Our Categorify and HashBucket operators can map list columns down to small contiguous integers, which are suitable for use in an embedding lookup table. This is only possible if the dataset contains two rows like `[['comedy', 'horror'], ['comedy', 'sciencefiction']]` so that NVTabular can transform the strings for each row into categorical IDs like `[[0, 1], [0, 2]]` to be used in our embedding layers.
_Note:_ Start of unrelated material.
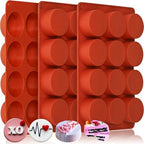 HKNMTT Round Silicone Molds 3 PCS, 12-Cavity 2.1" Round Cylinder Chocolate Covered Cookie Mold, Food Grade Non-Stick Baking Moulds for Candy Handmade Soap Pudding Jello Mini Cake Jelly Brownie - Image 2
Our PyTorch and TensorFlow dataloaders have been extended to handle both categorical and continuous list columns. In TensorFlow, the KerasSequenceLoader class will transform each list column into two tensors representing the values and offsets into those values for each batch. These tensors can be converted into RaggedTensors for multi-hot columns, and for vector continuous columns where the offsets tensor can be safely ignored. We've provided a `nvtabular.framework_utils.tensorflow.layers.DenseFeatures` Keras layer that will automatically handle these conversions for both continuous and categorical columns. For PyTorch, there's support for multi-hot columns to our `nvtabular.framework_utils.torch.models.Model` class, which internally is using the PyTorch [EmbeddingBag](https://pytorch.org/docs/stable/generated/torch.nn.EmbeddingBag.html) layer to handle the multi-hot columns.

## Shuffling Datasets

NVTabular makes it possible to shuffle during dataset creation. This creates a uniformly shuffled dataset that allows the dataloader to load large contiguous chunks of data, which are already randomized across the entire dataset. NVTabular also makes it possible to control the number of chunks that are combined into a batch, providing flexibility when trading off between performance and true randomization. This mechanism is critical when dealing with datasets that exceed CPU memory and individual epoch shuffling is desired during training. Full shuffle of such a dataset can exceed training time for the epoch by several orders of magnitude.

## Cloud Integration

NVTabular offers cloud integration with Amazon Web Services (AWS) and Google Cloud Platform (GCP), giving you the ability to build, train, and deploy models on the cloud using datasets. For additional information, see [Amazon Web Services](./resources/cloud_integration.md#amazon-web-services) and [Google Cloud Platform](./resources/cloud_integration.md#google-cloud-platform).

## CPU Support

NVTabular supports CPU using [pandas](https://pandas.pydata.org/), [pyarrow](https://arrow.apache.org/docs/python/), and [dask dataframe](https://examples.dask.org/dataframe.html). To enable CPU, the Dataset class must be initialized with the `cpu` parameter as follows:

```
dataset = Dataset(path, cpu=True)
```

Processing will now take place on the CPU for that particular dataset, including feature engineering and preprocessing as well as TensorFlow and PyTorch training using NVTabular's dataloaders.